REQUIRED ACTION
Without including any pictures, reproduce the full listing exactly.

▼

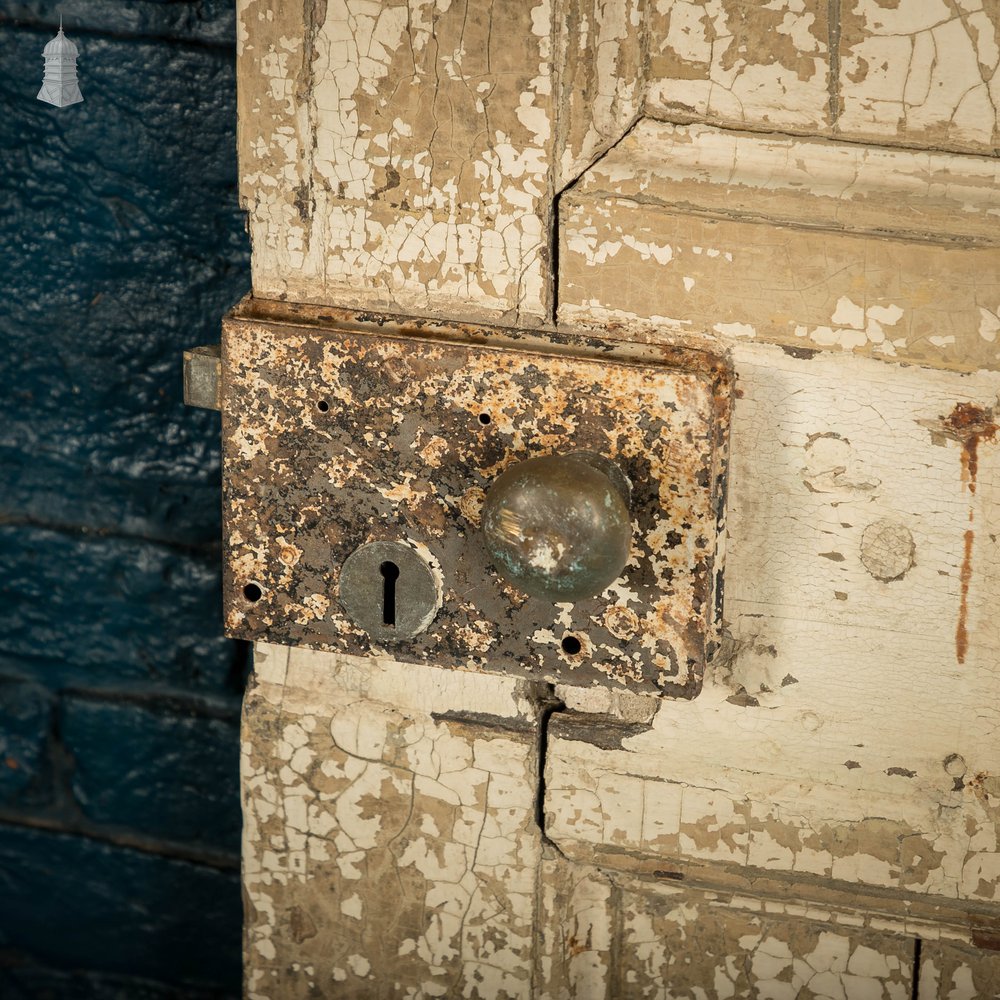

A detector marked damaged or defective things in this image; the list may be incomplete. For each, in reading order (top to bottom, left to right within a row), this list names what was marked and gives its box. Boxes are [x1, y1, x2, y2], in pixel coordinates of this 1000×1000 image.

rust stain [928, 398, 1000, 664]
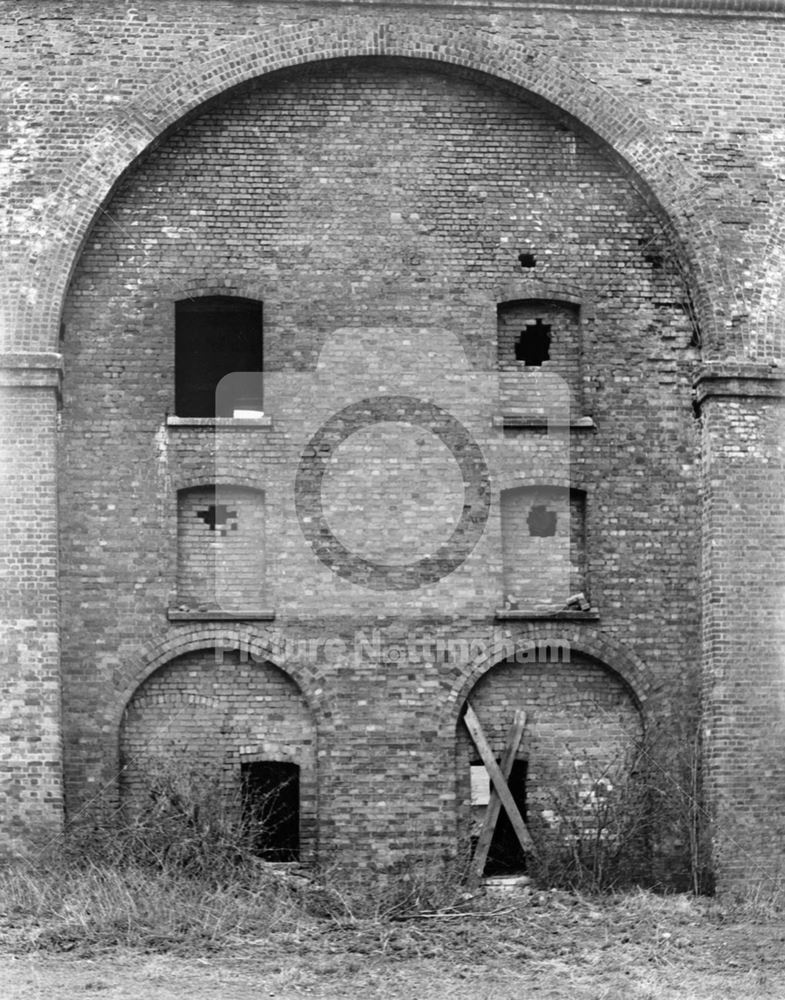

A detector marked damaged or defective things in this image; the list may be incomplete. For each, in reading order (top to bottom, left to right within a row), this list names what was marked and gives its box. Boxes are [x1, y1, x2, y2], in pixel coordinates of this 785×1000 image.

broken window [175, 292, 264, 418]
broken window [512, 318, 548, 366]
broken window [239, 760, 300, 864]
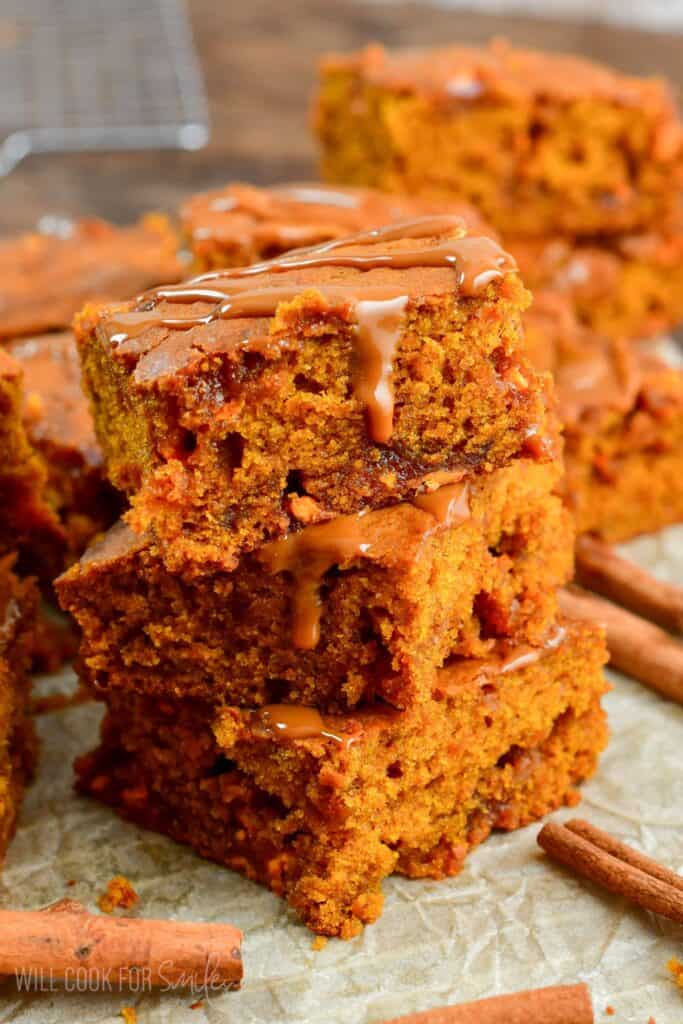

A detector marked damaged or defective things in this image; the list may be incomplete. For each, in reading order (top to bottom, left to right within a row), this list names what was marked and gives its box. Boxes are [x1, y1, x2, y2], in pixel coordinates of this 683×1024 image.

broken cinnamon stick [577, 536, 683, 630]
broken cinnamon stick [557, 585, 679, 704]
broken cinnamon stick [540, 819, 683, 925]
broken cinnamon stick [0, 905, 242, 991]
broken cinnamon stick [382, 983, 593, 1024]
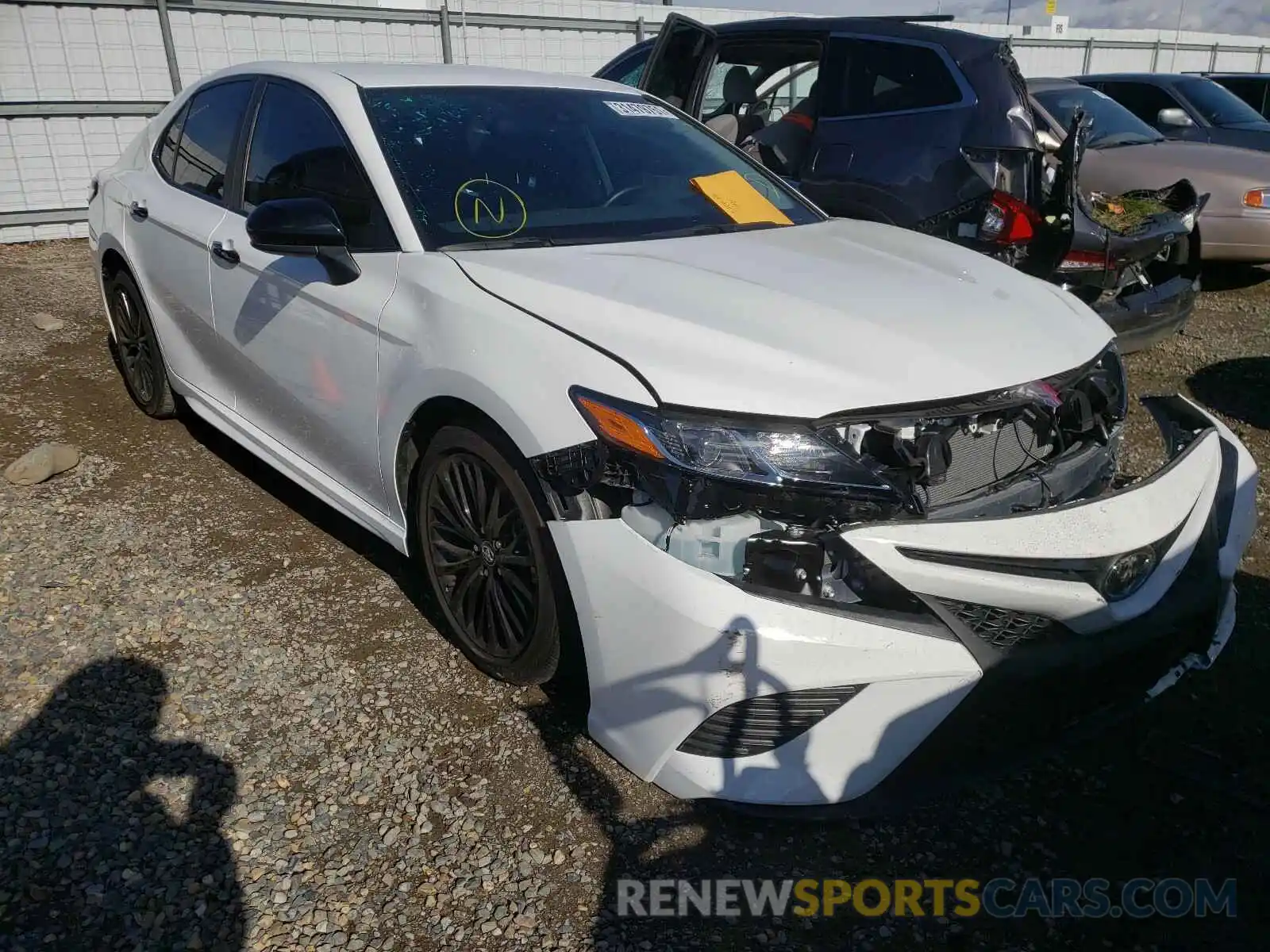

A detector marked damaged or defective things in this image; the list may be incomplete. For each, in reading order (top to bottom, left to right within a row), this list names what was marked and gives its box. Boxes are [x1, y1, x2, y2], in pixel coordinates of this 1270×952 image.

damaged car hood [444, 223, 1112, 421]
broken bumper cover [1097, 274, 1194, 355]
exposed headlight [572, 386, 899, 495]
broken bumper cover [551, 398, 1254, 807]
damaged front bumper [551, 398, 1254, 807]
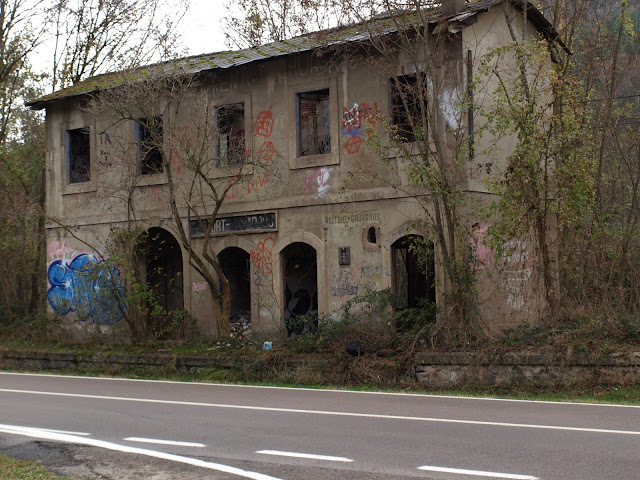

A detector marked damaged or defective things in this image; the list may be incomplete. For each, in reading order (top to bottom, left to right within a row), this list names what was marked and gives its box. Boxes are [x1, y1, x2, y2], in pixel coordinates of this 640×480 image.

broken window [67, 127, 91, 184]
broken window [136, 115, 162, 175]
broken window [215, 103, 245, 167]
broken window [298, 89, 332, 157]
broken window [390, 74, 424, 142]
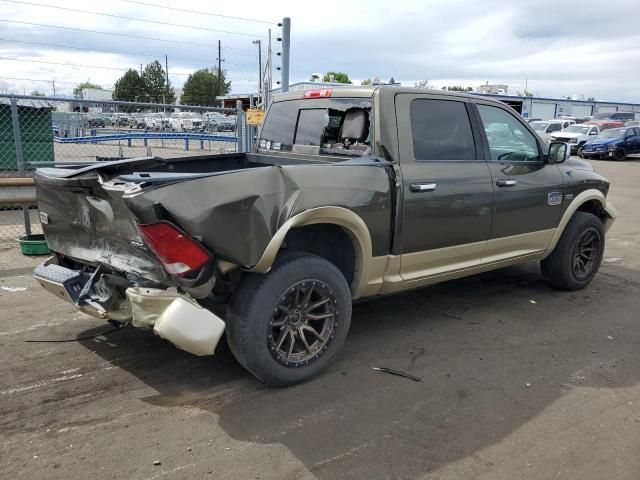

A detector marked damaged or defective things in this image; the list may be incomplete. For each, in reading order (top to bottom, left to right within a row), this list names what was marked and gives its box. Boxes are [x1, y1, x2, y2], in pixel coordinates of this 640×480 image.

broken tail light [139, 220, 211, 274]
damaged pickup truck [33, 87, 616, 386]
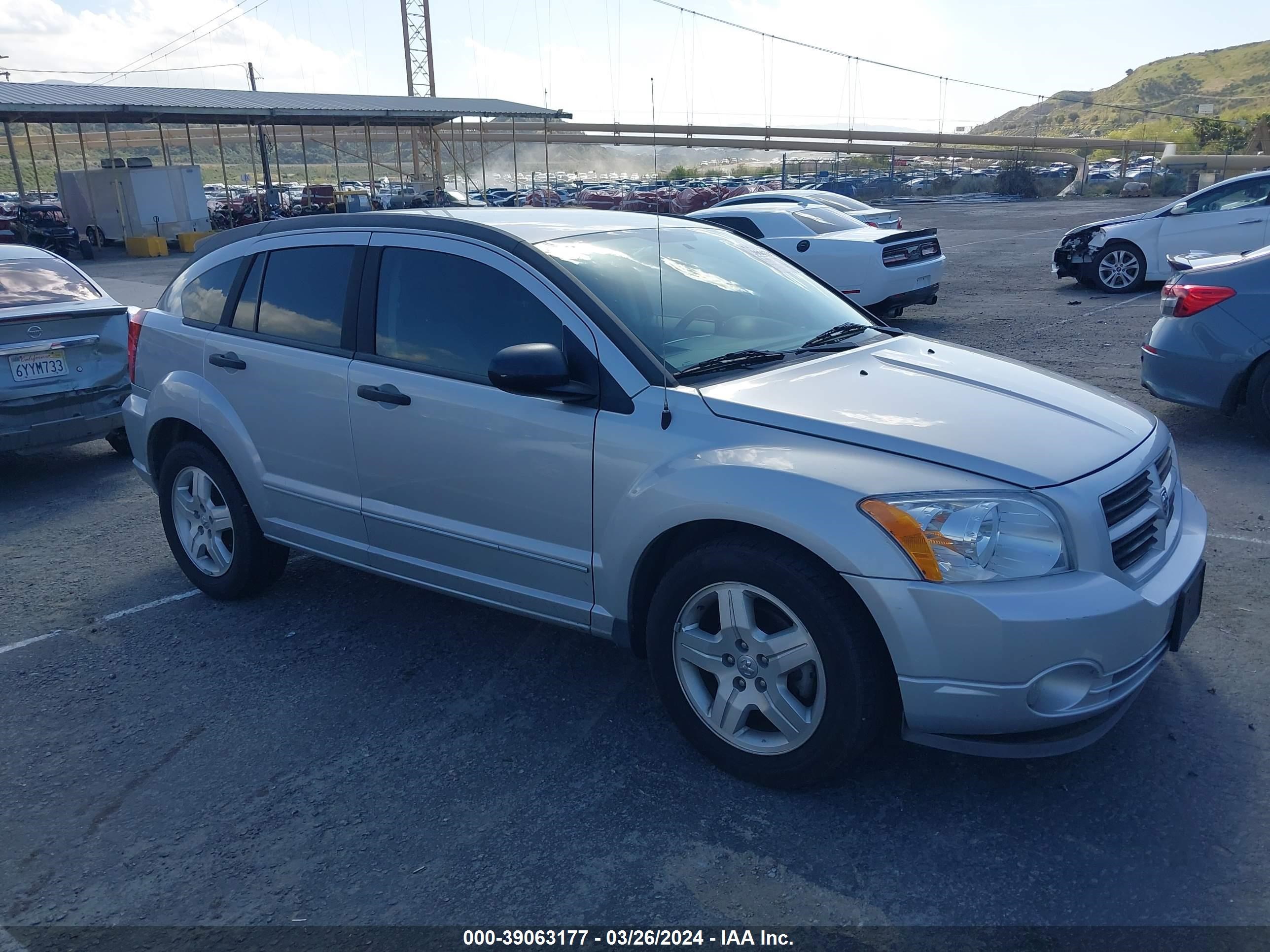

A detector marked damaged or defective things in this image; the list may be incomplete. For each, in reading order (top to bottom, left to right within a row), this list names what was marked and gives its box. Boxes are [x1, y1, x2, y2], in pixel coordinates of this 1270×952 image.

damaged white car [1049, 170, 1270, 292]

▲

RESULT BELOW
A detector marked damaged or defective things in this image; the list may be incomplete. For each, in reading order (top to bottom, left to right within a row), this list names what was marked and gives its box. Boxes are [x1, y1, x2, y2], in pixel coordinates of this 1000×1000 image.

rust stain [928, 398, 1000, 664]

A detector marked damaged or defective things in this image; the list may be incomplete. For each, in reading order (top to bottom, left to right within a row), this list names what was marked and gives its box. Boxes are [x1, y1, x2, y2], in pixel coordinates of this 785×1000 image.

broken window [175, 292, 264, 418]
broken window [512, 318, 548, 366]
broken window [239, 760, 300, 864]

A detector marked damaged or defective things in this image; the list may be incomplete. For each, in reading order (top to bottom, left to right within a row), this list names what was marked and gives its box. Boxes are [x1, y1, x2, y2], in pixel coordinates of this 683×1024 image.

broken cinnamon stick [577, 536, 683, 630]
broken cinnamon stick [557, 585, 679, 704]
broken cinnamon stick [540, 819, 683, 925]
broken cinnamon stick [0, 905, 242, 991]
broken cinnamon stick [382, 983, 593, 1024]

A detector marked damaged or defective things in this image; the list may be incomplete. For each, in reading order (top to bottom, left to right within a row), this list names what was marked and gives its box. Boxes are [x1, y1, x2, y2], in pixel coordinates of this 1270×952 image.

damaged car hood [444, 223, 1112, 421]
broken bumper cover [1097, 274, 1194, 355]
exposed headlight [572, 386, 899, 495]
broken bumper cover [551, 398, 1254, 807]
damaged front bumper [551, 398, 1254, 807]

A detector marked damaged or defective things in this image; the list may be incomplete. For each, in reading order (top to bottom, left to right within a row), this list names what was marked and gives its box. Boxes are [x1, y1, x2, y2], in pixel coordinates of this 640×480 image.

broken window [67, 127, 91, 184]
broken window [136, 115, 162, 175]
broken window [215, 103, 245, 167]
broken window [298, 89, 332, 157]
broken window [390, 74, 424, 142]

A detector marked damaged or defective things in this image; the list may be incomplete. For each, in reading order (top to bottom, left to right within a row), this list names what was marked and gives its box. Boxes are [x1, y1, x2, y2], in pixel coordinates of this 640×480 image.

broken tail light [139, 220, 211, 274]
damaged pickup truck [33, 87, 616, 386]

A detector marked damaged or defective things in this image; the list may be incomplete. For each, in reading order (top to bottom, left to right within a row), this list names what was marked and gives its box. Boxes are [x1, y1, x2, y2], in pixel coordinates of this 1270×952 image.

damaged white car [1049, 170, 1270, 292]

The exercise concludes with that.